It is essential that you, as an entrepreneur, deeply understand the fundamental mechanics of your business. Your mid- to longterm projections might be off (and likely they will be), but you need to know how the pieces fit together.
Yesterday I had the great pleasure to sit on a panel to talk about fundraising at the SU Ventures Incubator together with two incredible and incredibly successful founders, Paola Santana and Philipp Pieper. One of the participants asked about common mistakes founders make when they pitch their company to an investor.
I latched onto one of my biggest pet peeves and one mistake I sadly see too many founders continuously make: Founders not understanding the fundamental mechanics of their respective businesses.
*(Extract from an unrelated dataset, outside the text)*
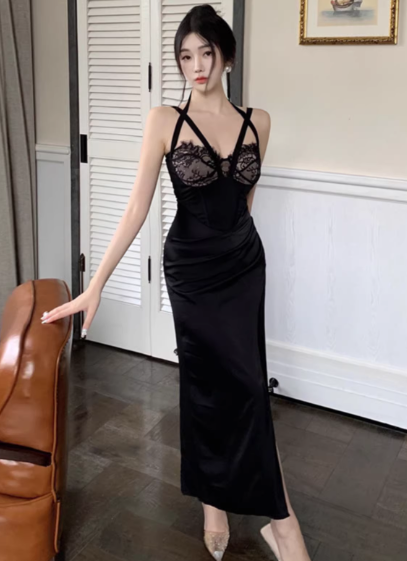 Blaues Damenkleid S101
Most often this expresses itself in the financial projections – you see the revenue slide (which seems to always move on an exponential curve) and compare it to the associated cost and headcount and the holes become glaringly obvious: A company moves from three people and no revenue to ten people and million dollars in revenue to 15 people and twenty million dollars in revenue… It just doesn’t work that way (in 99.999% of cases at least). As you grow your revenue, your cost will grow as well – and typically quite a bit.
When I then ask the founder why they believe they can service $20M in revenue with just five additional headcounts compared to their $1M projection, they stumble. And immediately lose all their credibility as they have demonstrated that they simply do not understand the basics of their business.
So, please, do the work. However, don’t just do it for your pitch – the better you understand the fundamentals of your business, the higher your chances of success running it as you will truly understand all the pulleys and levers you have to work with.